Daniel Defoe writing in 1664. The boldface is mine, it is in the first paragraph of chapter one.

It was newsprint that defeated the plague. The newsprint  spread the word before the plague arrived and people could self -quarantine, be prepared.  But this is part fiction, he was only four years old during this plague.  That is roughly 350 years that newsprint dominated mass communications.  The period includes two or three industrial revolutions.

By the 1700s news reading was a requirement of life, for the poor and wealthy. That implied a period of grammar consolidation and mass education. Narrowing down the code book once more and getting the kids up to speed. It becomes a lifesaver.

The arrival of news print would cause a disruption in the etymology graph going backwards.  Information delivery was put in the hands of semi-free press and served commercial needs making life a whole lot easier for all. The ten day wait for European news in America was excruciating, it is hard to work with news that is two weeks old. Waiting for news print drove the development of the telegraph.

The common denominator seems to be trade and information about trade, especially prices. Looking back I suspect the most urgent need for information tech, starting with mud slates, has been prices and inventory management.

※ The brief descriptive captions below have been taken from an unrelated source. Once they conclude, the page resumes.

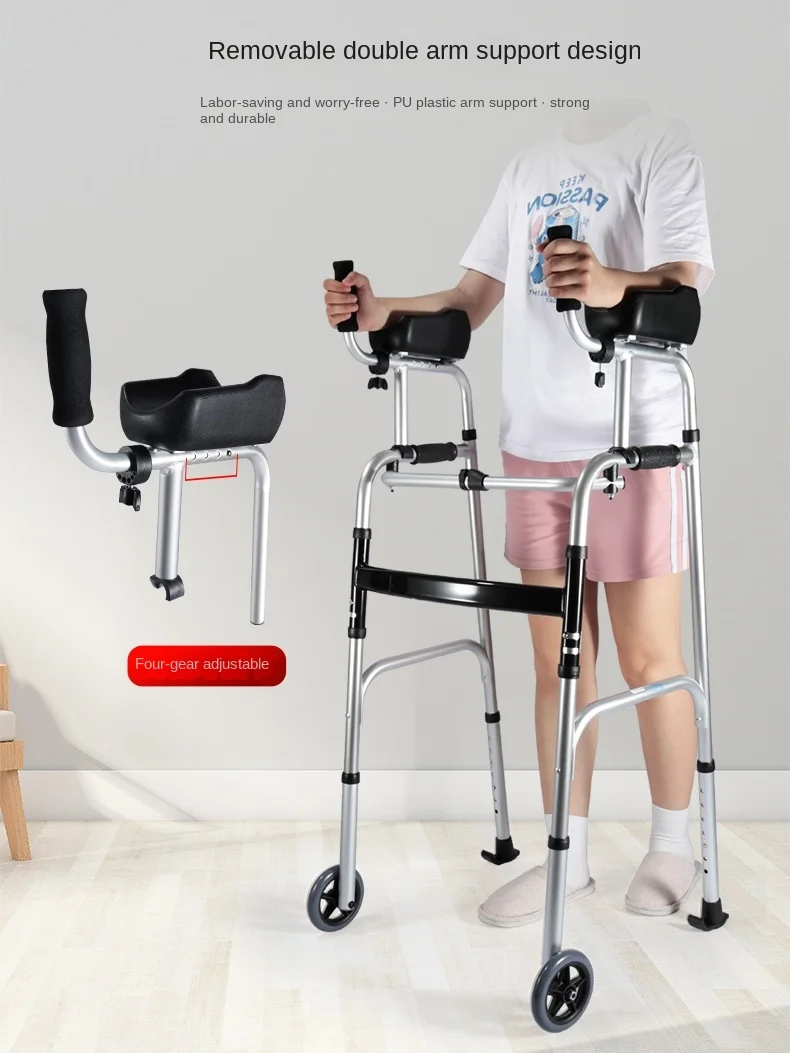 Multifunctional walker for the elderly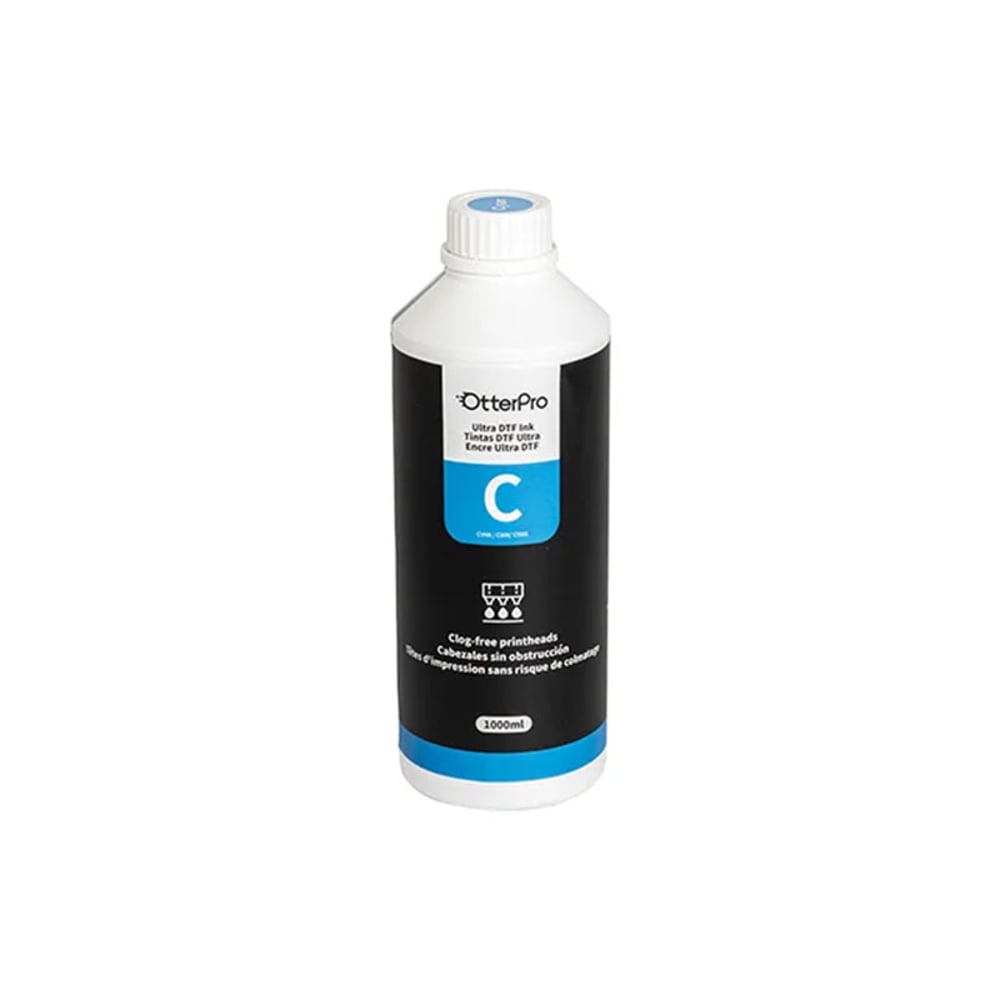 Otter Pro Мастило Ultra DTF, 1 L, Cyan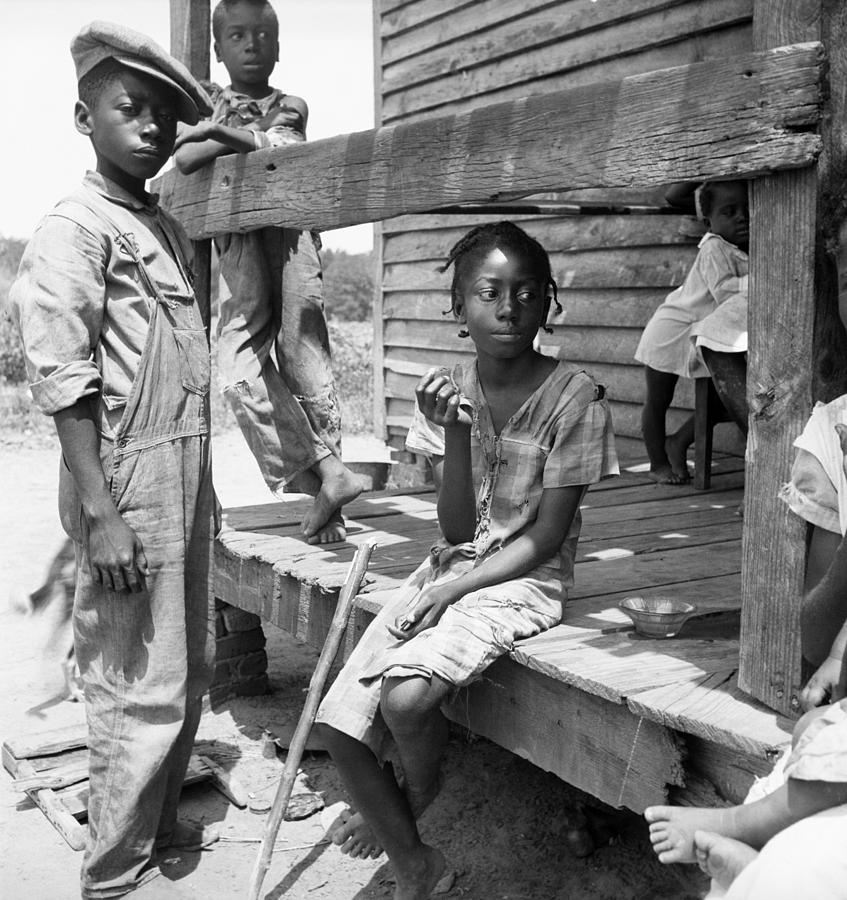 Migrant Children, 1936 Photograph By Granger - Fine Art America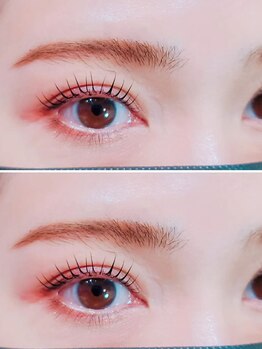 アミ(ami)の写真/キープ力◎アナタに似合う最適なデザインで美しいお目元をお仕上げ致します♪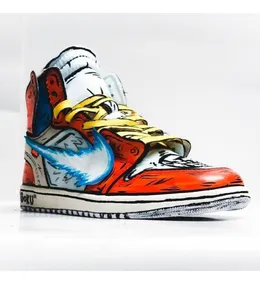 tenis de dragon ball nike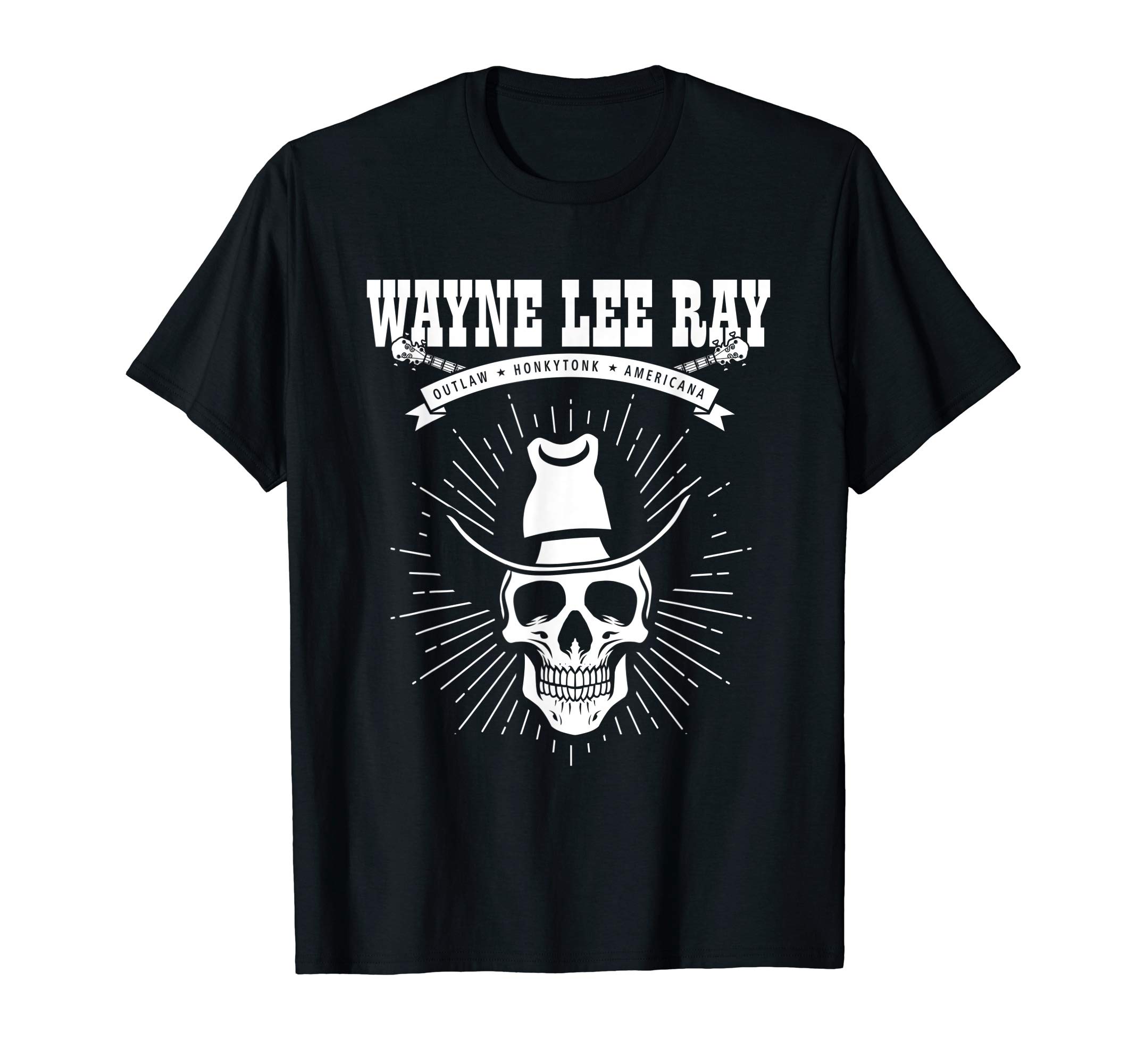 Wazoo CreationsWayne Lee Ray Band Shirt
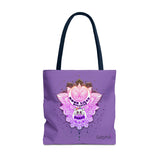 Tote Bag - Moon Lilly Wellness Ohana from Hawaii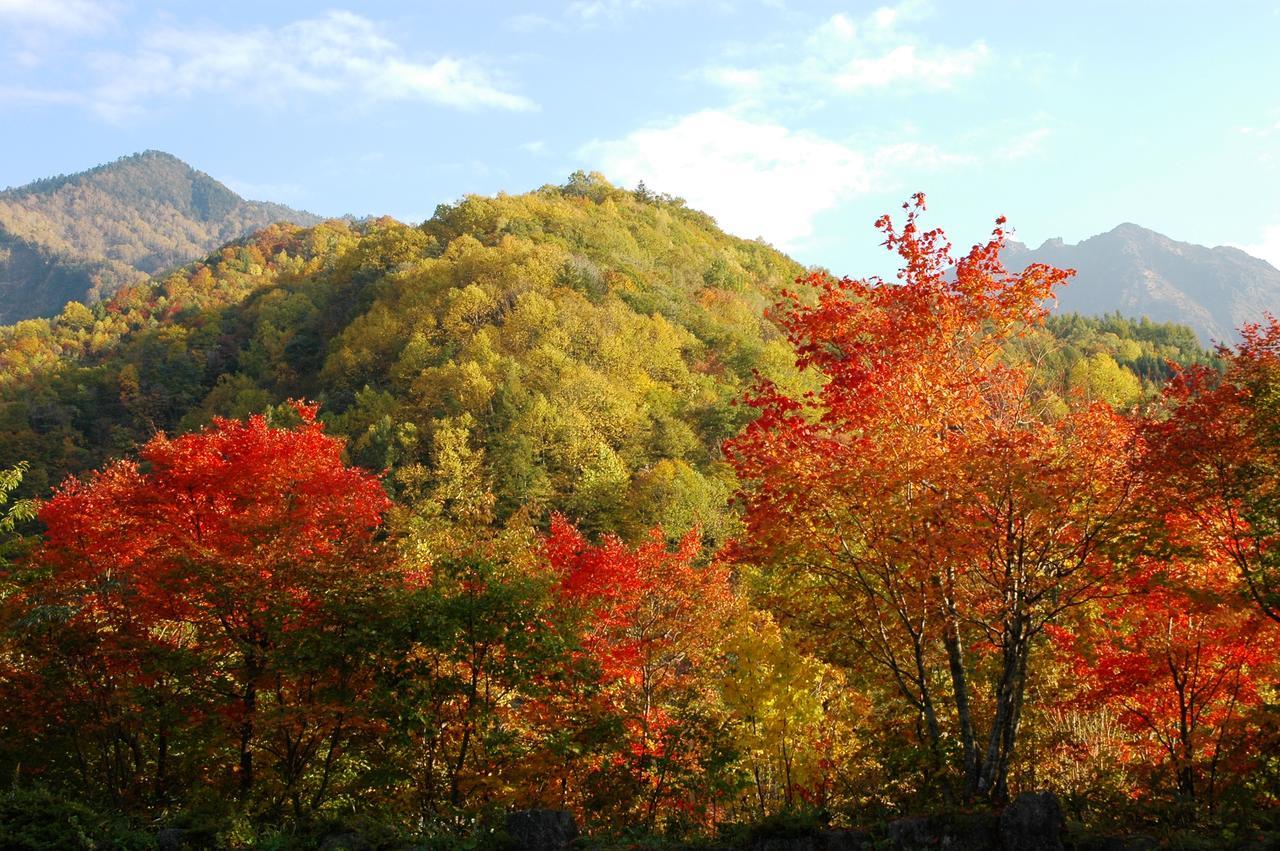 Nakao Kogen Hotel Kazaguruma ทาคายาม่า ภายนอก รูปภาพ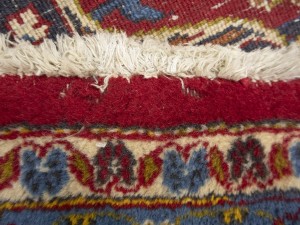 Red Vintage Traditional 10X13 Mashad Persian Rug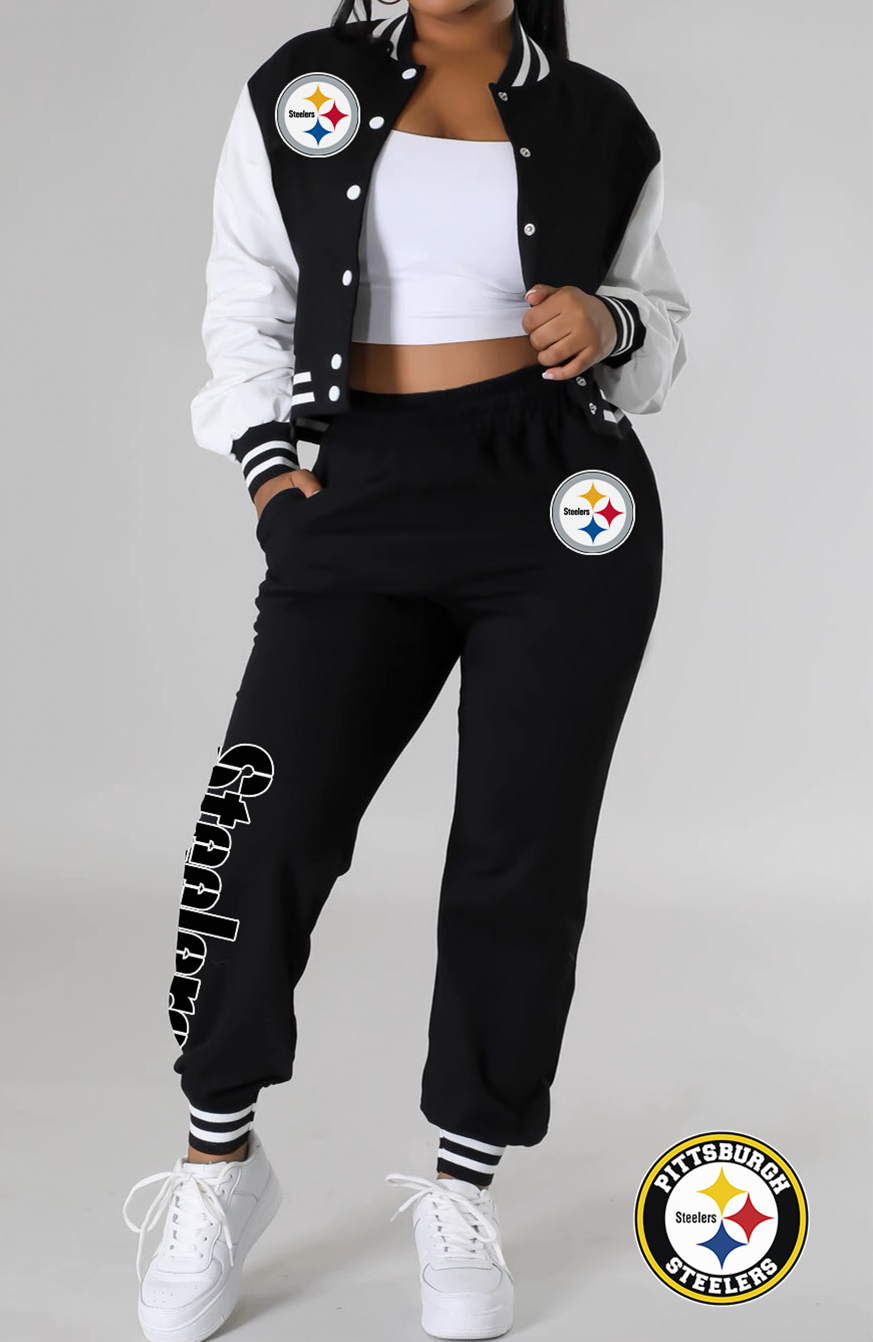 Pittsburgh Steelers 2pcs Casual Set
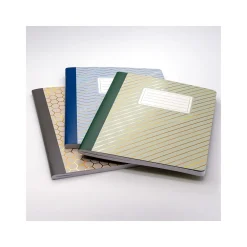 Composition Notebooks|Pukka Pad Haze Composition Notebooks, 7.5" x 8.75", College-Ruled, 70 Sheets, Assorted Colors, 3/Pack (9976(AST)-HZE)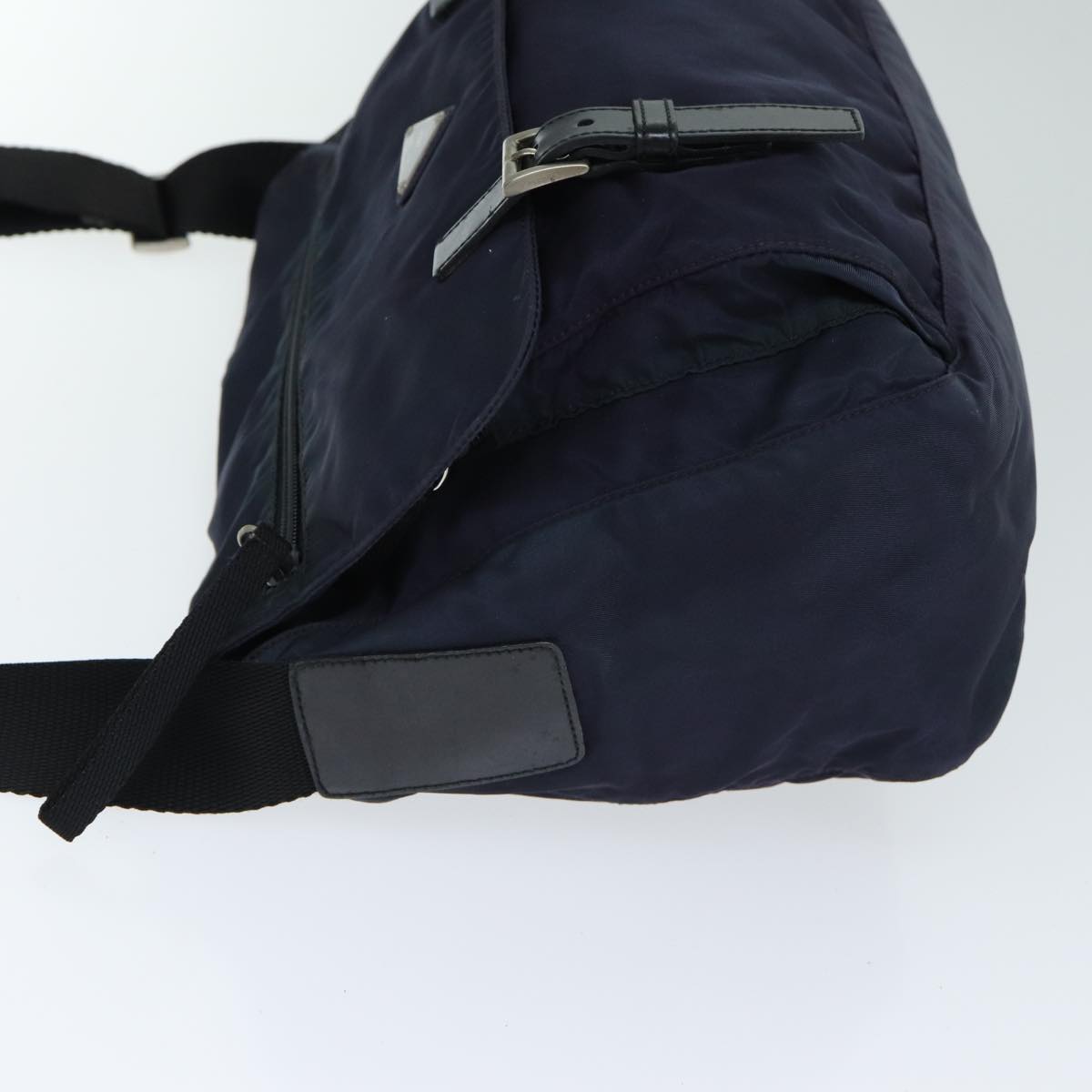 PRADA Shoulder Bag Nylon Purple  yk13589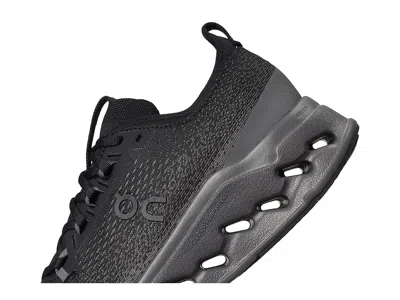 On Cloudsurfer Max In Black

Two sandbox terms are useful, code book and bandwidth. hen the technology suddenly offer greater bandwidth, the tendency is to simplify the set of stems and add richness to the rules of grammar.  We did not want thousand page dictionaries needed to newspapers i 1630. Rather we wants a smaller dictionary and better ways to build complex grammars. This rule hods from mud slates to optical communications.  Morse code is an example, the message set is tinier, but metods of addressing messages and routing them was a grammar, adding richness of delivery, enabled by higher serial bandwidth.  Papyrus and Phoenicia enabled business managers to be engage in foreign trade. Larin allowed super power rule. The messages became much more complex with Latin grammar, but the stem words got narrowed down quite a bit.  Huffman coding. It something is very rare, like wanting to have done something in the past to protect my future actions?  Hey, that rarely happens, Huffman coding says use a bunch of helper words and leave bandwidth to the more frequent, repeated
messages.

There is a tension, a permanent arbitrage if one can sneak dictionaries around faster that expected, like price lists. That tension has driven information tech since the dawn.